Work task: In the copy, include no images. Reproduce the entries exactly.

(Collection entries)
_____

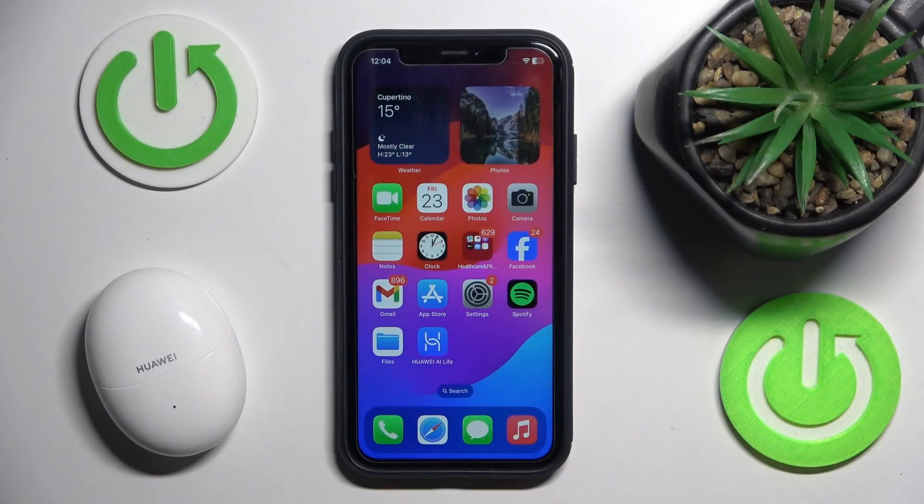Hello everybody and welcome! In this video I will show you how to add your headphones Huawei FreeBuds 5 into the application.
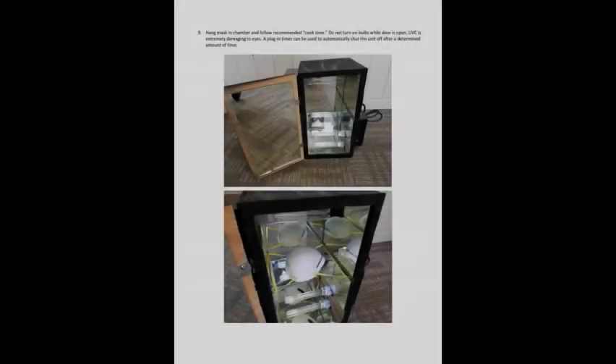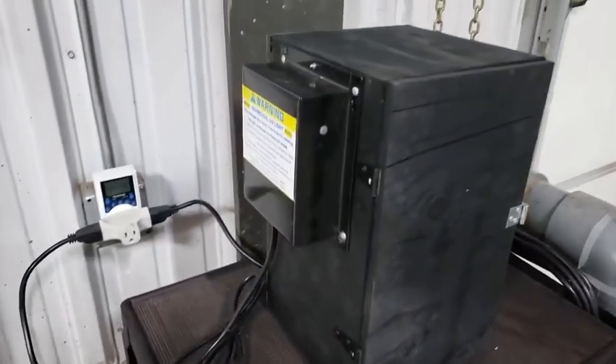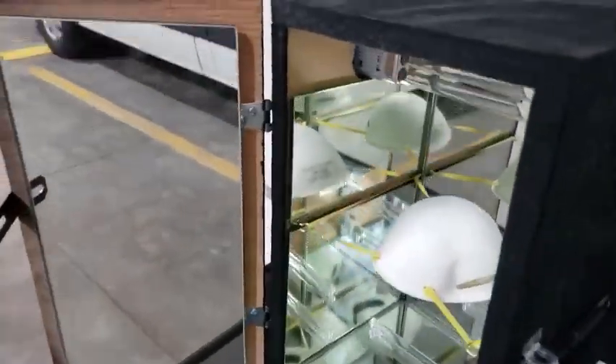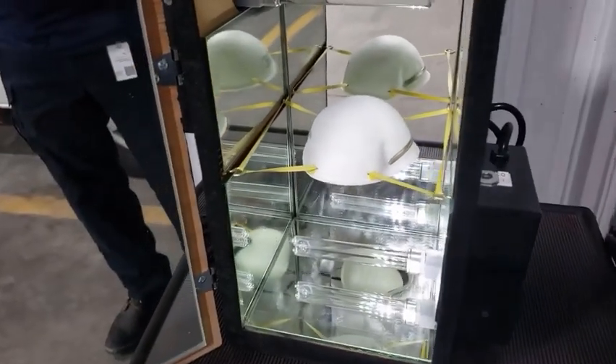On the last page, you can see the completed product. Here's our final product — we have a driver mounted on the bottom, and on the other side we have the driver mounted on the top. We have a nice tight seal all the way around the box. Opening it up, you can see how it's completely lined with mirrors so that we get that light into all the little areas we can find. Our mask is hanging right there in the middle.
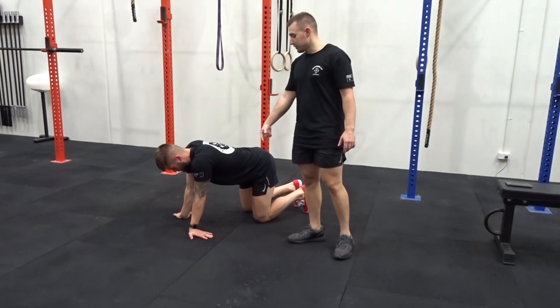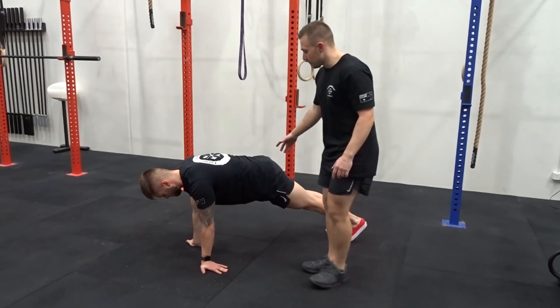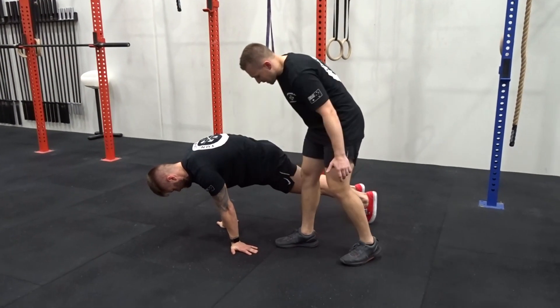Pseudo Plank. Start with your hands pointing outwards. From there you're coming up on your toes. From there you're going to drive your body forward as you're lifting up your thoracic. Keep that nice and ready. Tucking your ribcage down towards your hips.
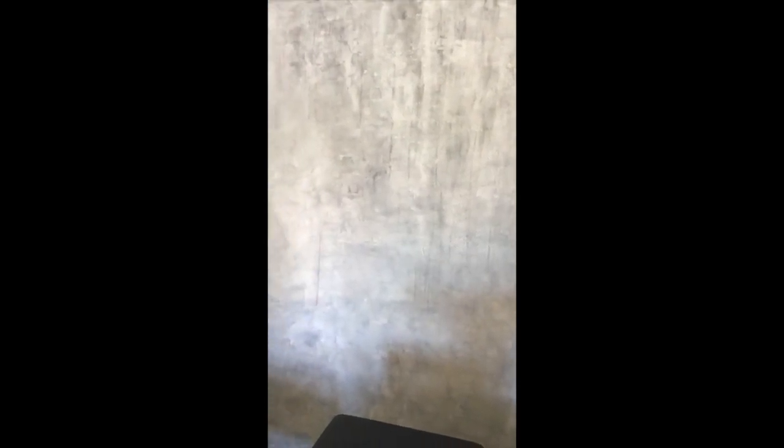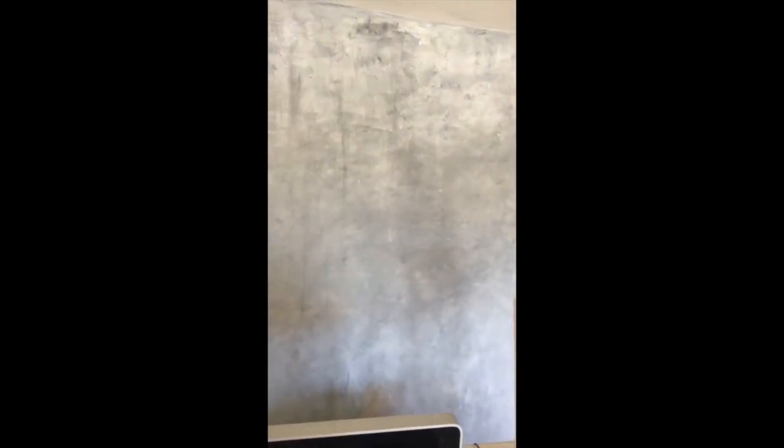I'm going to get it all styled up and then post a picture. I'll also have to fix those spots on the ceiling where I got some paint.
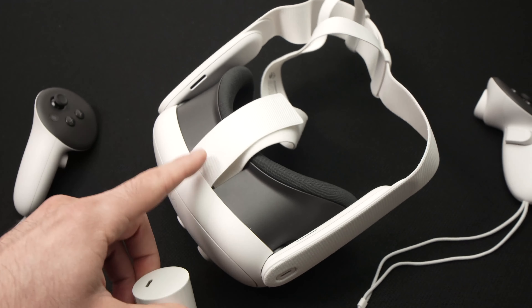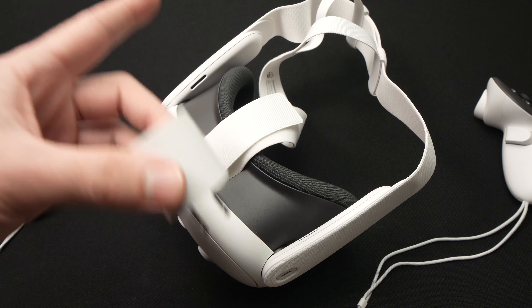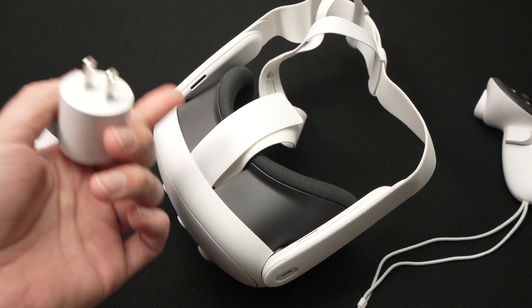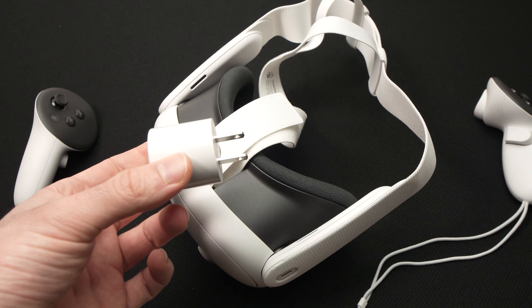In this video I'll show you how to charge your Meta Quest 3. The Quest 3 comes in the box with this charger and a USB-C to USB type-C cable. The easiest way is to plug this charger into your wall socket and the other end into the charging port over here.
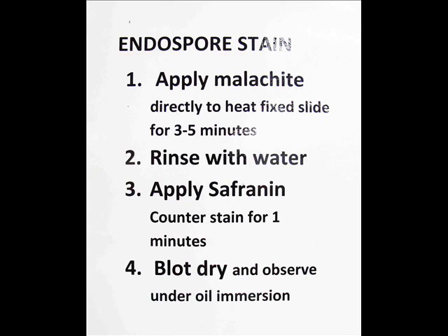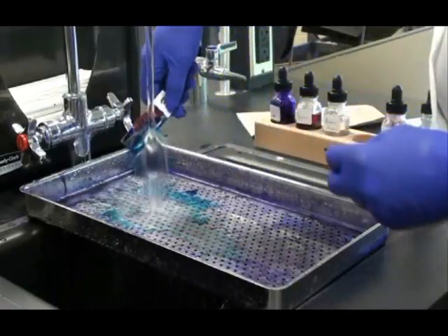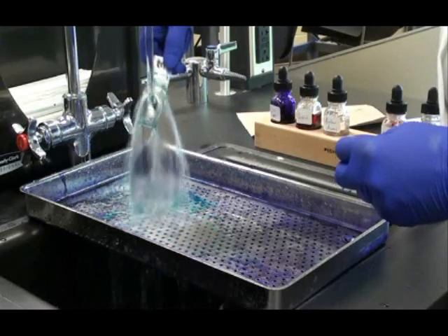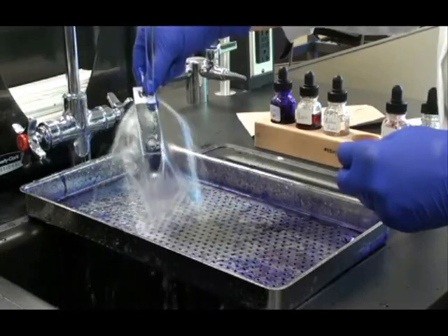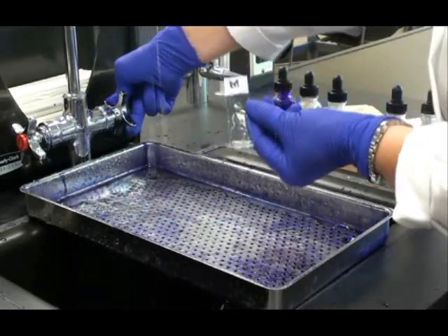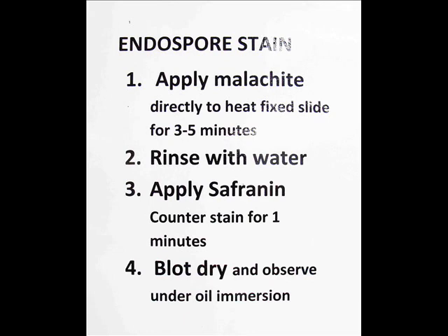The next step is to rinse the malachite green off the slide. After rinsing, I'm now ready to apply my counter stain, safranin.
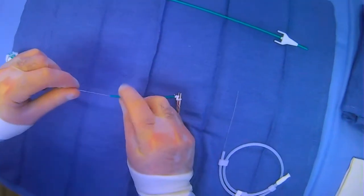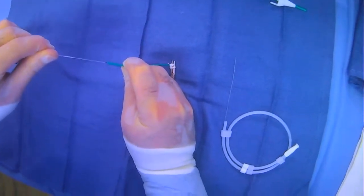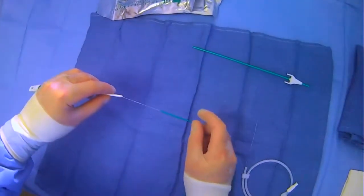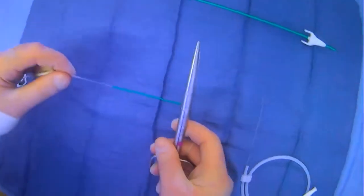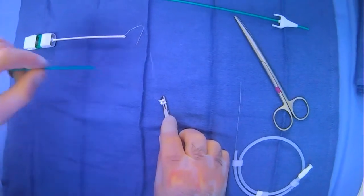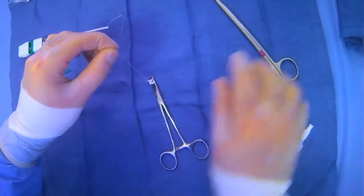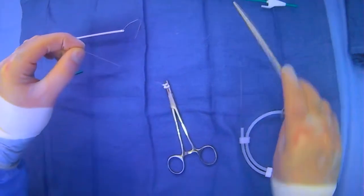You use the tamp-down device to tamp down the collagen plug that's now on the inside of the patient. You do that until you see a little black indicator, which lets you know you've sufficiently tamped things down. Then you grab some scissors and cut right above the device, and remove it.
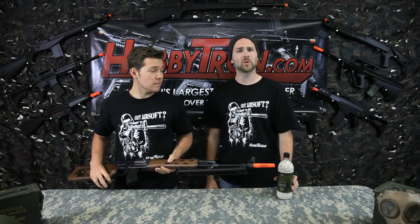If you liked this video review and you want to see more, be sure to subscribe to our YouTube channel, Hobbitron TV. Hobbitron, where awesome happens. Boom!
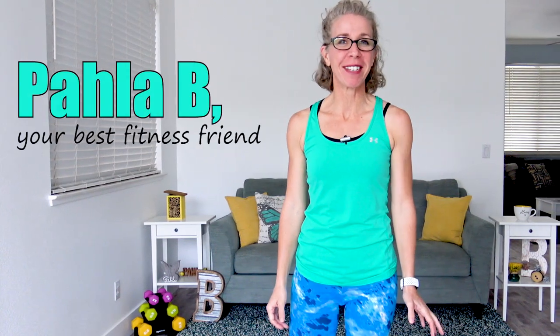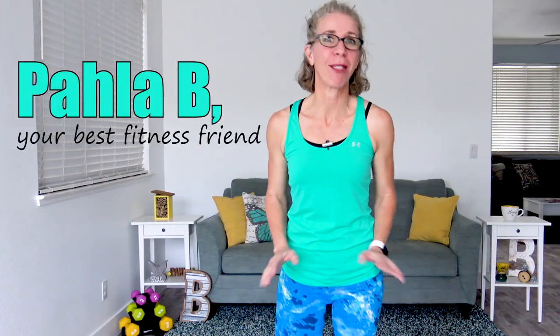Hey Killer Bees, it's Pahla B from PahlaBFitness.com. On tap today is day three of the Weight Loss for Women Over 50 series, and today is all about low impact cardio. There's absolutely no jumping today, no transitions to the ground, no squatting, and no equipment needed. When you're ready, let's go.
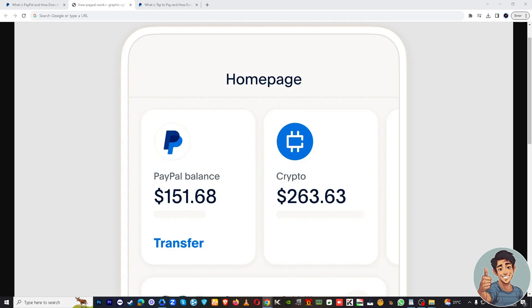If you don't have a PayPal account, you'll need to create one. Before you can make contactless payments, you'll need to link a payment method — for example, your bank account, credit card, or debit card. Just follow the on-screen instructions to add your preferred payment source.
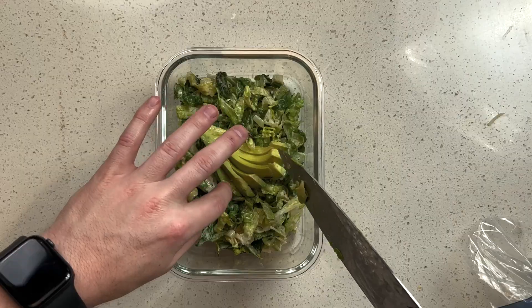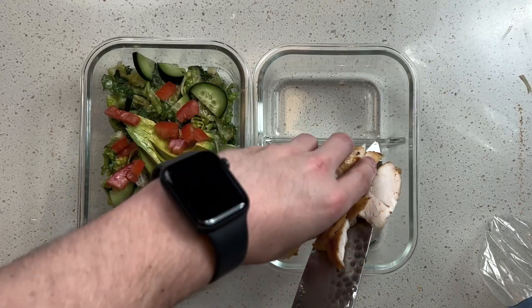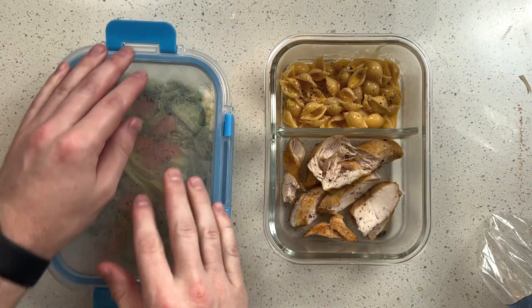Add the Velveeta cheese and stack it with some shredded, and then I'll make my salad with a nice homemade dressing and add it all to my Fit Strong and Healthy glass containers.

_____

Result of the task:
Hello everybody and welcome! In this video I will show you how to add your headphones Huawei FreeBuds 5 into the application.
On the last page, you can see the completed product. Here's our final product — we have a driver mounted on the bottom, and on the other side we have the driver mounted on the top. We have a nice tight seal all the way around the box. Opening it up, you can see how it's completely lined with mirrors so that we get that light into all the little areas we can find. Our mask is hanging right there in the middle.
Pseudo Plank. Start with your hands pointing outwards. From there you're coming up on your toes. From there you're going to drive your body forward as you're lifting up your thoracic. Keep that nice and ready. Tucking your ribcage down towards your hips.
I'm going to get it all styled up and then post a picture. I'll also have to fix those spots on the ceiling where I got some paint.
In this video I'll show you how to charge your Meta Quest 3. The Quest 3 comes in the box with this charger and a USB-C to USB type-C cable. The easiest way is to plug this charger into your wall socket and the other end into the charging port over here.
The next step is to rinse the malachite green off the slide. After rinsing, I'm now ready to apply my counter stain, safranin.
You use the tamp-down device to tamp down the collagen plug that's now on the inside of the patient. You do that until you see a little black indicator, which lets you know you've sufficiently tamped things down. Then you grab some scissors and cut right above the device, and remove it.
If you liked this video review and you want to see more, be sure to subscribe to our YouTube channel, Hobbitron TV. Hobbitron, where awesome happens. Boom!
Hey Killer Bees, it's Pahla B from PahlaBFitness.com. On tap today is day three of the Weight Loss for Women Over 50 series, and today is all about low impact cardio. There's absolutely no jumping today, no transitions to the ground, no squatting, and no equipment needed. When you're ready, let's go.
If you don't have a PayPal account, you'll need to create one. Before you can make contactless payments, you'll need to link a payment method — for example, your bank account, credit card, or debit card. Just follow the on-screen instructions to add your preferred payment source.
Add the Velveeta cheese and stack it with some shredded, and then I'll make my salad with a nice homemade dressing and add it all to my Fit Strong and Healthy glass containers.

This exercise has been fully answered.